What is required: The data below holds a line containing "In this video, I'm" and a line containing "Let me magnify"; please quote exactly those two lines and every line between them, and nothing else.

Listed records:
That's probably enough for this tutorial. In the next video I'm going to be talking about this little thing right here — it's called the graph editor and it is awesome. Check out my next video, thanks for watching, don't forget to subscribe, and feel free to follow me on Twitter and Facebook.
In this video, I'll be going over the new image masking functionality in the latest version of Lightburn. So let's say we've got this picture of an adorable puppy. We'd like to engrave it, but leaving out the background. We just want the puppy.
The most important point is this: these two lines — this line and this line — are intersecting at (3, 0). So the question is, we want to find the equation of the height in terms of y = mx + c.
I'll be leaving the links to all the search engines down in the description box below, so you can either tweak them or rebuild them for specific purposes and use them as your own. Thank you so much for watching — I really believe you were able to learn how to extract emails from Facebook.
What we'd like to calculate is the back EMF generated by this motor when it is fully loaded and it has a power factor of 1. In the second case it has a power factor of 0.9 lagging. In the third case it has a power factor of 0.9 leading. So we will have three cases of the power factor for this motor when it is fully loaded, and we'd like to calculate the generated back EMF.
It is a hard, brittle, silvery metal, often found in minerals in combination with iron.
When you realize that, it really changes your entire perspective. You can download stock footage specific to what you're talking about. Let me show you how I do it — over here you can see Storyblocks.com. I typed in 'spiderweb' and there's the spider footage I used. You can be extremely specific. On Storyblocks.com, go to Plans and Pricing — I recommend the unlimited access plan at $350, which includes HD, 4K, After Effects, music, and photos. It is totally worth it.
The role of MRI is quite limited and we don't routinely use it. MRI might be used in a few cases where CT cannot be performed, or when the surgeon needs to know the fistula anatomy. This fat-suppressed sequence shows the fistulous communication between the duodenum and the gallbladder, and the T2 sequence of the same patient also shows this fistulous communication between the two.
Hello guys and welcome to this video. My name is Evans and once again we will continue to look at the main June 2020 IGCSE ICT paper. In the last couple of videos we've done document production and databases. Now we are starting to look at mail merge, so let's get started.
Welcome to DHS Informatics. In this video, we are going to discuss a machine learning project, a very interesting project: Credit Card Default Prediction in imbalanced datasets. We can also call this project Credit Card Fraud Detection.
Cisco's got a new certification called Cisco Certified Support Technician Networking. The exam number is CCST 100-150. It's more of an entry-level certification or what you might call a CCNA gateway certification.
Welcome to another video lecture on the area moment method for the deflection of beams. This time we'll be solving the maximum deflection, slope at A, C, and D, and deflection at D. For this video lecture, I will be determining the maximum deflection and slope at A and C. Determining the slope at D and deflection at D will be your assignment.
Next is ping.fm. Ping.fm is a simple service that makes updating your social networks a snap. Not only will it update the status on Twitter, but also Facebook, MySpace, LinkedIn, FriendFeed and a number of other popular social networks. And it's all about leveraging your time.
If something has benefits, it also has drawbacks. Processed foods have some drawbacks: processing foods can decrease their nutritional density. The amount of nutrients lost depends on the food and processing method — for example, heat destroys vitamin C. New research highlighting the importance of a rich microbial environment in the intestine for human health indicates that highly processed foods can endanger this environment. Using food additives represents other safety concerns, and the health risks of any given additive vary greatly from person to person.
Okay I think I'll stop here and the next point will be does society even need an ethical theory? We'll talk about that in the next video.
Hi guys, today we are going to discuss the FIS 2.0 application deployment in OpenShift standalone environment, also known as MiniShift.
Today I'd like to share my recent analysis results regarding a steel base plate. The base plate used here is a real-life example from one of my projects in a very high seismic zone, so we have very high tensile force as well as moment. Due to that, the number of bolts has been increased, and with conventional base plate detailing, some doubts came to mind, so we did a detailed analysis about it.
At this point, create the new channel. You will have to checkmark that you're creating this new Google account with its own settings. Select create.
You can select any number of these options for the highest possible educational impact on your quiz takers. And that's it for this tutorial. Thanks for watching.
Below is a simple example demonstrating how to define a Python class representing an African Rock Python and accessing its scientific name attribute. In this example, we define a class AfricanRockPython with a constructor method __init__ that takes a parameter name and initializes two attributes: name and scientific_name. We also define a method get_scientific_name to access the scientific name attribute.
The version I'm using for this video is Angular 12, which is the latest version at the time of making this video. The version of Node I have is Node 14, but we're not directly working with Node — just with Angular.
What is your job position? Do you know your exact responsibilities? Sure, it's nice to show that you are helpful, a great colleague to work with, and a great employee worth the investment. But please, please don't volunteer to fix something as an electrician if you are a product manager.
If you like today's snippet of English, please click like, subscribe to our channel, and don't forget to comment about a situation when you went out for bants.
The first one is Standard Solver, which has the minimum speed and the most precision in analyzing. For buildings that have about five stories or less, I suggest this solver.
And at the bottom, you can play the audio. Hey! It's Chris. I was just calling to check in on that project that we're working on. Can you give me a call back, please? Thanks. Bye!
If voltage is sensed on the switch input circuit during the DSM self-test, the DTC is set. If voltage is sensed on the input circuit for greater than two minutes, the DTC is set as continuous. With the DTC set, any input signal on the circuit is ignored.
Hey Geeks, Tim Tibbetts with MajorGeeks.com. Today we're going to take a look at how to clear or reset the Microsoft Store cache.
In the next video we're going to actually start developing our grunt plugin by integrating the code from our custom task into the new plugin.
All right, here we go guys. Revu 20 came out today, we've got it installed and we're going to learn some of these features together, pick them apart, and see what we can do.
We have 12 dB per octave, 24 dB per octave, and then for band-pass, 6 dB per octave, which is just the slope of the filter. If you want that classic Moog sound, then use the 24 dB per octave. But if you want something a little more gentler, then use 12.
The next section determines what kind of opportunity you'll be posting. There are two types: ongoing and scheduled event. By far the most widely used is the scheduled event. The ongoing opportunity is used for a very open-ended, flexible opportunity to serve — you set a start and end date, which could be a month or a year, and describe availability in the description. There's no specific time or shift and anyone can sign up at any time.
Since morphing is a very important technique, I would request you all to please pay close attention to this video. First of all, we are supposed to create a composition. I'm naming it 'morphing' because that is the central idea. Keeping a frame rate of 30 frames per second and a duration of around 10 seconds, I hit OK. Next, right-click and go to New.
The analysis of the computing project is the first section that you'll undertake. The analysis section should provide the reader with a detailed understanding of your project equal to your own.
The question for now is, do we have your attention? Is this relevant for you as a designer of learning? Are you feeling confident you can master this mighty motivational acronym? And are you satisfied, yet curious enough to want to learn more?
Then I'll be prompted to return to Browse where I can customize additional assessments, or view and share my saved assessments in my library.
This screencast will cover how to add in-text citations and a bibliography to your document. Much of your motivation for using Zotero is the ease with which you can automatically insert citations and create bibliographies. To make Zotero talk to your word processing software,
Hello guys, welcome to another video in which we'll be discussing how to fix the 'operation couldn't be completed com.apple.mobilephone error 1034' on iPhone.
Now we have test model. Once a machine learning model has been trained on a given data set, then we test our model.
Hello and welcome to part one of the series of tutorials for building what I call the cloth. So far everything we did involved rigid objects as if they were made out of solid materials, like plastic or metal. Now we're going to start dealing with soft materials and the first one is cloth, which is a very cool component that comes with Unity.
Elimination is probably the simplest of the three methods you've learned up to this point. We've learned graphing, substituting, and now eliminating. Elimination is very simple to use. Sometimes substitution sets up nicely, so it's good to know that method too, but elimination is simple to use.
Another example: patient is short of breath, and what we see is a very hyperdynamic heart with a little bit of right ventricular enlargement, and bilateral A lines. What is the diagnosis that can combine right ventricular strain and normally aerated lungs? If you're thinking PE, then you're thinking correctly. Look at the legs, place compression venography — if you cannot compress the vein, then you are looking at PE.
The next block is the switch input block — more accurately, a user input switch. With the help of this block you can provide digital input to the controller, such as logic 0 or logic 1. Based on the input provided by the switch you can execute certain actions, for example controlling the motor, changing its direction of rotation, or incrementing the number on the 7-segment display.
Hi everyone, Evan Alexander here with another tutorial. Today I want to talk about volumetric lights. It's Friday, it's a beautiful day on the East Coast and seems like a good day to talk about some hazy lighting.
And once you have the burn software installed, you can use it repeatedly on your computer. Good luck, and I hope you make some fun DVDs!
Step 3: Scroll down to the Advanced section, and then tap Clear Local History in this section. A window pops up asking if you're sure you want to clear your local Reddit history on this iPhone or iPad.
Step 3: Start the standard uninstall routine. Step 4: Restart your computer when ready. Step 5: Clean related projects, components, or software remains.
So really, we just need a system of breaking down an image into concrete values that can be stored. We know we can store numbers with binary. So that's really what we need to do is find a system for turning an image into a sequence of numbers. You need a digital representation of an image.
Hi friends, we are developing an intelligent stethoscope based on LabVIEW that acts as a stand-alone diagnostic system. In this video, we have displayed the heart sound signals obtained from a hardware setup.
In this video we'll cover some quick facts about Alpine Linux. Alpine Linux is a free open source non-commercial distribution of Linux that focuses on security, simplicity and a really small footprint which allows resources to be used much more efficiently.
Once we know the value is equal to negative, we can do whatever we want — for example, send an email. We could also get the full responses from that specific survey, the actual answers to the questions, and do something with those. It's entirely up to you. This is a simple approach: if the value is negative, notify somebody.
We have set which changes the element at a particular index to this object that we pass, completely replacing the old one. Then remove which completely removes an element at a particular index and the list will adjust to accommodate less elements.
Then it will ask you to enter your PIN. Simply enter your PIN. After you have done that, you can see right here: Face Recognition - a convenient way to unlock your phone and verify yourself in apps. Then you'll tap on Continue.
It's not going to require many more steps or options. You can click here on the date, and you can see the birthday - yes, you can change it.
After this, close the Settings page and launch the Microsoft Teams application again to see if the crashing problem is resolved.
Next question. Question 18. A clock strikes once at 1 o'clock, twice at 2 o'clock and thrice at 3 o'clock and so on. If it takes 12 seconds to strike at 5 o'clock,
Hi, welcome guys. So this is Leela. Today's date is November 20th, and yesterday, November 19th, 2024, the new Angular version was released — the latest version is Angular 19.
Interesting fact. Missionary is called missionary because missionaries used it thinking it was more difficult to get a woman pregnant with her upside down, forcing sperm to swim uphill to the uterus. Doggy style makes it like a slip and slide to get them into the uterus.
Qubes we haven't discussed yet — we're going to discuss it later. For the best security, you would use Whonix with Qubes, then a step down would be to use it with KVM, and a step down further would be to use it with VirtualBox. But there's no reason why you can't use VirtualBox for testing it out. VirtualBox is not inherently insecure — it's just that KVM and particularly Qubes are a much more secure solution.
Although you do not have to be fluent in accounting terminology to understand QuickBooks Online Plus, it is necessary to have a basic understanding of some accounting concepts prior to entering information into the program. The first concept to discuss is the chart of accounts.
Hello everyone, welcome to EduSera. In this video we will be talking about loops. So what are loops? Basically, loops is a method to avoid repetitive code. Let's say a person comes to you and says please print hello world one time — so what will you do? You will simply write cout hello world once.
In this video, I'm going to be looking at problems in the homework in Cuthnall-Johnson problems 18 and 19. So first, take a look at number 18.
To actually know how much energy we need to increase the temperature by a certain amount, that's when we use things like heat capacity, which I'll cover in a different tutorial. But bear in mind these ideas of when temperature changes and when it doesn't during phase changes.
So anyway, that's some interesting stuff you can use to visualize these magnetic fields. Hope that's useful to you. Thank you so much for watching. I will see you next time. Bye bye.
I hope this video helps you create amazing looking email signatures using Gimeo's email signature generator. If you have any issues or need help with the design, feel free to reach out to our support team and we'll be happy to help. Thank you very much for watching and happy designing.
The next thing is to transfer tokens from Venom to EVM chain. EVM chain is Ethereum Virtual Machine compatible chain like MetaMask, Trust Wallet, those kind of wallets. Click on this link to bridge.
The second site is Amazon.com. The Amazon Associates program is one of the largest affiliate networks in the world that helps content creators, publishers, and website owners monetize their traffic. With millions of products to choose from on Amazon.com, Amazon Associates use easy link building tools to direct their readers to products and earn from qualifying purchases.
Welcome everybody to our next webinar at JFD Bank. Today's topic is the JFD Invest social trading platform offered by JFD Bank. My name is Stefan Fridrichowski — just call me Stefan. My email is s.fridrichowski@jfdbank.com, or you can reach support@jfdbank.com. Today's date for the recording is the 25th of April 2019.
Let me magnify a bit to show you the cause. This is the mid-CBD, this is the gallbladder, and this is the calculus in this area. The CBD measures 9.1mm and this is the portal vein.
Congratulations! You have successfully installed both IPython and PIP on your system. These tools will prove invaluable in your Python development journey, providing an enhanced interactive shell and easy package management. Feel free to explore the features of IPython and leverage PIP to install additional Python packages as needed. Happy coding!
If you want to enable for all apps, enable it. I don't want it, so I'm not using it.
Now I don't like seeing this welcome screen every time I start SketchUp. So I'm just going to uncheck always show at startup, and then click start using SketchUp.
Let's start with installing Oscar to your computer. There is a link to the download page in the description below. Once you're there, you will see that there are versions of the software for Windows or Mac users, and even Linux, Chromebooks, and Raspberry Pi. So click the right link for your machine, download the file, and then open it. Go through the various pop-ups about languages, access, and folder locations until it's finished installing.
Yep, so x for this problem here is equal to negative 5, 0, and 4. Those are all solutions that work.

Answer to this exercise:
In this video, I'm going to be looking at problems in the homework in Cuthnall-Johnson problems 18 and 19. So first, take a look at number 18.
To actually know how much energy we need to increase the temperature by a certain amount, that's when we use things like heat capacity, which I'll cover in a different tutorial. But bear in mind these ideas of when temperature changes and when it doesn't during phase changes.
So anyway, that's some interesting stuff you can use to visualize these magnetic fields. Hope that's useful to you. Thank you so much for watching. I will see you next time. Bye bye.
I hope this video helps you create amazing looking email signatures using Gimeo's email signature generator. If you have any issues or need help with the design, feel free to reach out to our support team and we'll be happy to help. Thank you very much for watching and happy designing.
The next thing is to transfer tokens from Venom to EVM chain. EVM chain is Ethereum Virtual Machine compatible chain like MetaMask, Trust Wallet, those kind of wallets. Click on this link to bridge.
The second site is Amazon.com. The Amazon Associates program is one of the largest affiliate networks in the world that helps content creators, publishers, and website owners monetize their traffic. With millions of products to choose from on Amazon.com, Amazon Associates use easy link building tools to direct their readers to products and earn from qualifying purchases.
Welcome everybody to our next webinar at JFD Bank. Today's topic is the JFD Invest social trading platform offered by JFD Bank. My name is Stefan Fridrichowski — just call me Stefan. My email is s.fridrichowski@jfdbank.com, or you can reach support@jfdbank.com. Today's date for the recording is the 25th of April 2019.
Let me magnify a bit to show you the cause. This is the mid-CBD, this is the gallbladder, and this is the calculus in this area. The CBD measures 9.1mm and this is the portal vein.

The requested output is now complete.